[Data extracted from a collection]

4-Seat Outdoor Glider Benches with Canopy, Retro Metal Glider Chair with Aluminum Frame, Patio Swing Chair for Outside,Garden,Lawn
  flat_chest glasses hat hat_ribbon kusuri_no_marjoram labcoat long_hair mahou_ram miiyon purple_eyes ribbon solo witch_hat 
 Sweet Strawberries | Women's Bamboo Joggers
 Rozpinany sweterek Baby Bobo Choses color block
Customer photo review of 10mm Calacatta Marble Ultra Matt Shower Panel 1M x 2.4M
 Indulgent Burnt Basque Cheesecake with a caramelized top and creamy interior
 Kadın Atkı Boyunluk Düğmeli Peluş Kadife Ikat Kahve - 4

### Task description
Please output only the lines from the one holding "Indulgent Burnt Basque" to the end of the records, first and last included, exactly as they appear.

### Output for this task
 Indulgent Burnt Basque Cheesecake with a caramelized top and creamy interior
 Kadın Atkı Boyunluk Düğmeli Peluş Kadife Ikat Kahve - 4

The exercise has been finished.